住信SBIネット銀24日開業 初のフルバンキング展開

住友信託銀行とSBIホールディングスは20日、共同で設立したネットバンク「住信SBIネット銀行」(東京都港区)の営業を24日から始めると発表した。預金から決済、融資、資産運用までの「フルバンキングサービス」を展開する国内初のネット銀行として幅広い顧客の獲得を目指す。先発のネット銀行は大手銀行に比べ高い預金金利を売り物に勢力を伸ばしているが、新銀行の参入で競争は一段と激化しそうだ。

 「銀行、証券、信託の融合、ネットとリアルの融合で革新的なサービスを提供できる」

 住信の森田豊社長は同日の記者会見で、こう胸を張った。

 新銀行は開業から5期目に60万口座、預金量1兆円という高い目標を掲げた。収益でも3期目に単年度で黒字化し、5期目には最終利益50億円を目指す。
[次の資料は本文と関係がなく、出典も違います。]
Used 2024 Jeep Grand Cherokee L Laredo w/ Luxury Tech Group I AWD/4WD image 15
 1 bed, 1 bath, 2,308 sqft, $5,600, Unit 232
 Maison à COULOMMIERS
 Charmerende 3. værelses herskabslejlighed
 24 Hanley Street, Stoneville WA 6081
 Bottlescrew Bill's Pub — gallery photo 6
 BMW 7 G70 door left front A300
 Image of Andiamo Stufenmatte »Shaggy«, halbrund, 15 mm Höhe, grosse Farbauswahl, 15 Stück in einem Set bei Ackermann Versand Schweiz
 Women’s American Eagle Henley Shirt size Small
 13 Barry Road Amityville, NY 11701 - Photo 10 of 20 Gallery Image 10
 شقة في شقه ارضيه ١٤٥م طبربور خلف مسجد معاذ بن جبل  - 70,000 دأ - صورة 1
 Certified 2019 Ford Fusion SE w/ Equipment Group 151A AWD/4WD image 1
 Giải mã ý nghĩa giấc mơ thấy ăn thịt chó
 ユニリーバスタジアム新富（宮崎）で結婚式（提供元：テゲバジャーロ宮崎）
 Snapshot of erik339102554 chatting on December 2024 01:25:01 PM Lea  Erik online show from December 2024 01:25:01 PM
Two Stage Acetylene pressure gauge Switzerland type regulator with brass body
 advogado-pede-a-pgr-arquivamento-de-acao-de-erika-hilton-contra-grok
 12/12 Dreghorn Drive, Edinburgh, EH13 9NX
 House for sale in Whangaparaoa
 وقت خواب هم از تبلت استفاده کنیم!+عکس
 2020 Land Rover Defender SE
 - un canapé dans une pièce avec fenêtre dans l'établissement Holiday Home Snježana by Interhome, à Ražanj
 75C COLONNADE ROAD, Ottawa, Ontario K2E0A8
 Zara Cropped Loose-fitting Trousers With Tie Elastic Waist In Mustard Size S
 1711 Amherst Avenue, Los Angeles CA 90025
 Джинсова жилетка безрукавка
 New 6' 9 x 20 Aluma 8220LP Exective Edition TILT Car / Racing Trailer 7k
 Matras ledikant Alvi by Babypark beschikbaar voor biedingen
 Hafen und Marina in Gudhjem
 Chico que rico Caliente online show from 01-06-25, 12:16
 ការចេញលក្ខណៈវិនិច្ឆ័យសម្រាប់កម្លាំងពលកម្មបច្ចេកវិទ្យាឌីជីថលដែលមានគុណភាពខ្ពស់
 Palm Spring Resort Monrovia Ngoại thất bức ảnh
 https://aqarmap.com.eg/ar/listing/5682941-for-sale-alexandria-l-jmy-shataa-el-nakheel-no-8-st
 開業当初は円預金に加え、米ドル、ユーロなど8通貨の外貨預金、振り込みなどの決済サービス、住宅ローンなどを扱う。SBIが発行するクレジットカード保有者を対象に円だけでなく米ドルでも決済できるサービスを提供する。

 また、19日に銀行代理店業の許可を取得したSBI傘下のネット証券、SBIイー・トレード証券とも連携。同証券の顧客が本人確認の書類などを提出することなく、ネット上で簡単に新銀行に口座を開設できるようにする。

 イーバンク銀行など先発組は決済業務や外貨預金など資産運用業務が中心。新銀行は合弁による相乗効果を最大限に発揮し、幅広いサービスを提供することで独自色を出す戦略だ。

 追撃を受ける先発組のサービスの拡充競争も激化するのは必至。これに対し、SBIの北尾吉孝CEOは「後発で大丈夫かと聞かれるが、満を持しての出発で、特徴あるサービスをそろえた。ネット金融を中心とした金融コングロマリット(複合企業)が実現できる」と、自信満々だった。